## Data shown
● ● ● ● ● ● ●
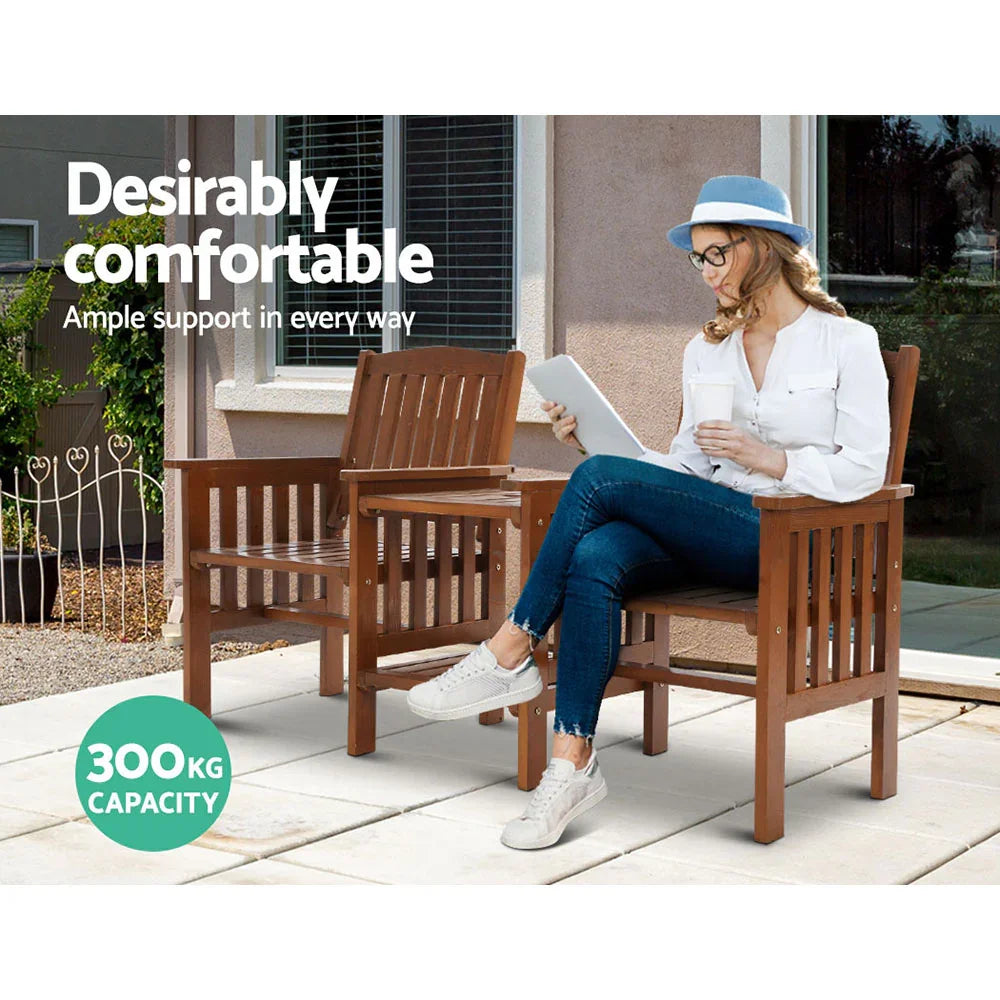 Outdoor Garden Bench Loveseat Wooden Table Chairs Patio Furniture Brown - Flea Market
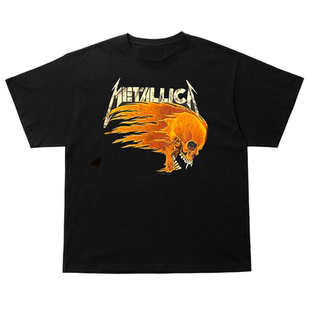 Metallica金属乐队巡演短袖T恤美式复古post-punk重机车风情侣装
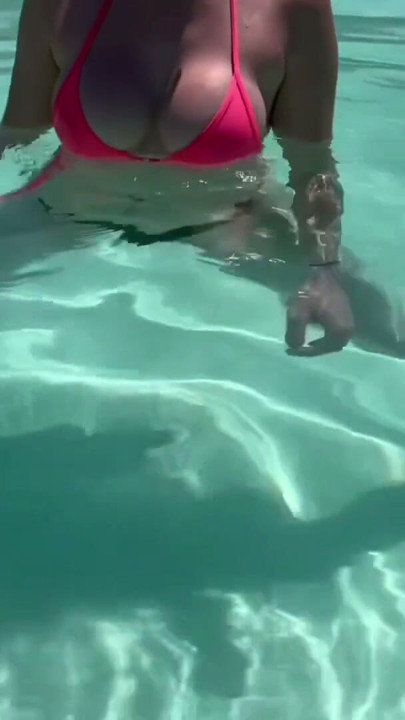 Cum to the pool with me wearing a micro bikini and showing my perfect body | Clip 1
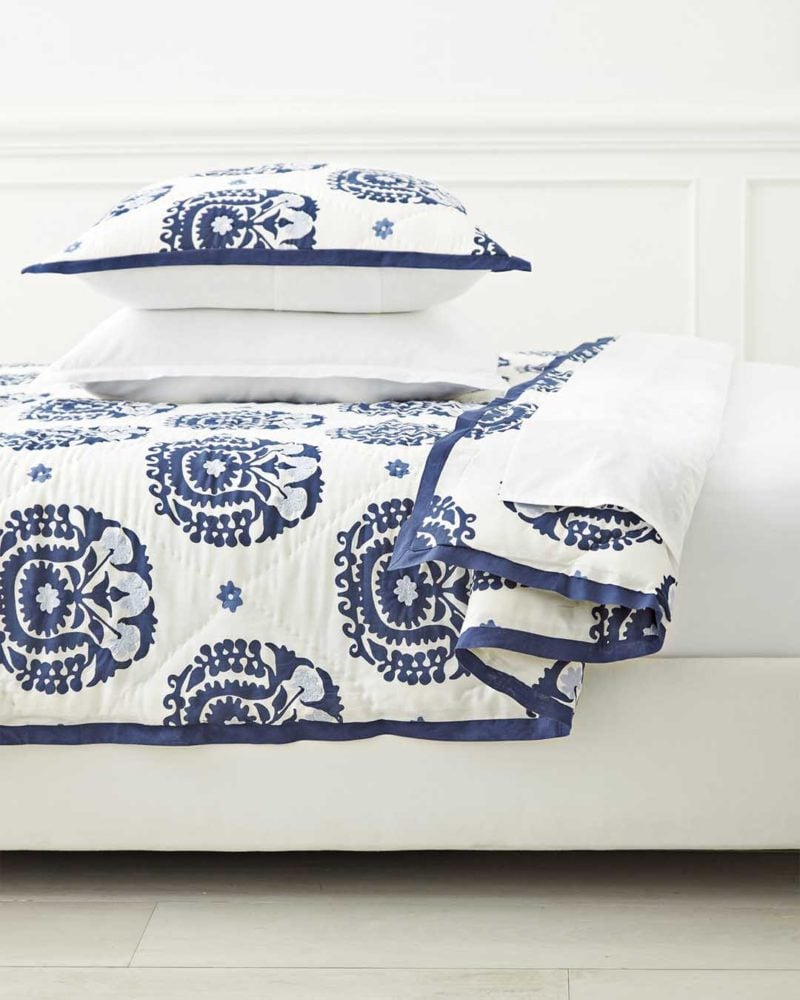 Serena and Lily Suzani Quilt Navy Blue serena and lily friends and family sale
● ● ● ● ● ● ●
## To do
Reproduce the listing in full and exactly, excluding any pictures it holds.

## Answer section
 Outdoor Garden Bench Loveseat Wooden Table Chairs Patio Furniture Brown - Flea Market
 Metallica金属乐队巡演短袖T恤美式复古post-punk重机车风情侣装
 Cum to the pool with me wearing a micro bikini and showing my perfect body | Clip 1
 Serena and Lily Suzani Quilt Navy Blue serena and lily friends and family sale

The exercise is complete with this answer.